Nas duas visitas que fiz à exposição, interpoladas por leituras que me foram solicitadas a partir dela, resultaram as meditações que agora lhe dedico — para seu incentivo, mais do que para qualquer benefício. Convém adiantar, porém, que as leituras pedidas pela exposição, como pano de fundo para uma melhor compreensão dos temas que os quadros expressavam, das técnicas e cores empregues, começam em Aristóteles (e pela discussão do estatuto das cores na antiguidade clássica), passam pela Idade Média, Renascimento, século XVII e atingem o clímax com o Romantismo (a literatura acompanha o apogeu da cor preta, em poetas como Novalis, Byron ou Nerval), chegando à Idade Moderna — na qual pontificam autores como Goethe, W. Benjamin e Wittgenstein. Isto sem descurar a discussão “polifónica” á volta do preto (e do branco, pólo oposto), desde Leonardo da Vinci a Rembrandt e o aceso debate que pintores e académicos contemporâneos apresentam sobre este tema: por exemplo, a obra desconcertante de Pierre Soulages ou os textos de autores como Kantor, Réau, Panofsky, Pastoureau e Kirschbaum, para apenas citar alguns.        
Em primeiro lugar, o título da exposição expunha, com toda a crueza e frontalidade, um paradoxo. O paradoxo de o negro (tal qual o preto) significar a total ausência de luz, tanto se for considerado pela exposição da escala cromática aristotélica ou pela física newtoniana, de modo que intitular uma exposição de “luz negra” constitui uma contraditio in re — isto é, uma contradição nos próprios termos. Mas o paradoxo é, antes de mais, um desafio e um feitiço, que pintores e teóricos da cor não largaram, desde a antiguidade até aos dias de hoje. De modo que a luz negra acompanha a história da própria humanidade: quer em termos sociais, quer em termos estéticos, quer em termos simbólicos. Por isso, é necessário percorrermos, ainda que seja de forma alinhavada e superficial, a história da cor preta ao longo dos tempos, naquelas três vertentes, para compreendermos um pouco melhor aquilo que se escondia sob o título da exposição de António Romão — e que se materializa na esmagadora maioria dos seus quadros. A questão é tão antiga quanto a arte e a humanidade. O título põe em confronto, portanto, dois conceitos antagónicos e aparentemente inconciliáveis. A sua ligação só se pode fazer através de uma operação que mistura conhecimentos de óptica, de física e de estética. (Nos antípodas desta abordagem que nos propomos realizar já de seguida, o mesmo paradoxo ocupou uma parte do projecto pictórico do pintor Malevitch, a diferença é que ele nunca o quis resolver.)     

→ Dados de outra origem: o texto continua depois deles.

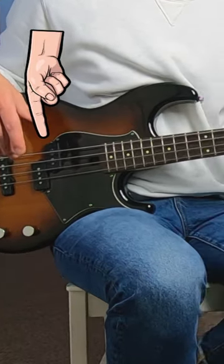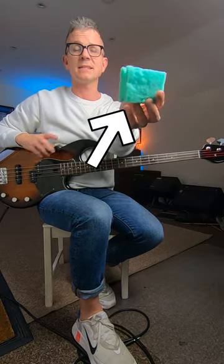With any bass with a P bass pickup, use flat wound strings. Turn the P bass pickup all the way up and the tone all the way up. Use a mute like a sponge like this, or a fancy sponge like this.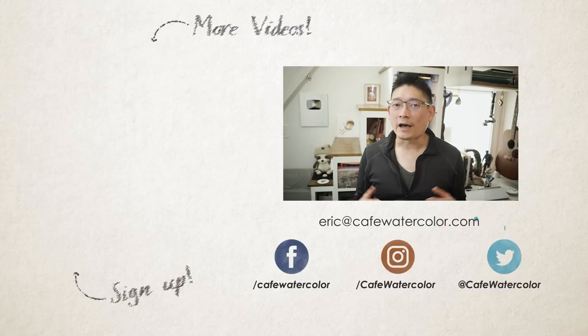And there you have it, the magic of glaze. I encourage you to take out some of your older paintings and see how this technique can change them. That's it for this video. I hope you are doing well. My day job is now winding down a bit more so I can hopefully start to do more videos. I also have things planned out for Cafe Watercolor this year, so stay tuned. I'm Eric from Cafe Watercolor. Hope you have a wonderful day wherever you are. I will see you next time. Bye.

Os trabalhos gráficos de António Romão são testemunhos e, ao mesmo tempo, herdeiros vivos de uma das mais antigas formas de pintar: a que se expressa sob a arte dos graffiti — de que os “murais” das grutas de Altamira ou Lascaux constituem os primeiros (e inimitáveis) exemplos. Ou seja, trata-se de uma forma de expressão onde o traço se sobrepõe à mancha e o desenho à pintura. O desenho é quase sempre expressão esquemática, parcial, lacunar; fracciona a realidade por não preencher todo o suporte: é silhueta e não figura. Pelo contrário, a mancha — em especial, a pintura — enquanto composição, procura imitar o real sem com ele se misturar, cumprindo assim a natureza da realidade artística. Precisou de se exprimir artisticamente o primeiro ser humano que deu conta de uma forma bela. Não é menos verdade que a mesma necessidade assaltou o homem que primeiro pressentiu o horror da morte. O ofício do artista consiste, então, em dar vida a formas, como Adão fez com as coisas através das palavras — chamando-as pelo seu nome. 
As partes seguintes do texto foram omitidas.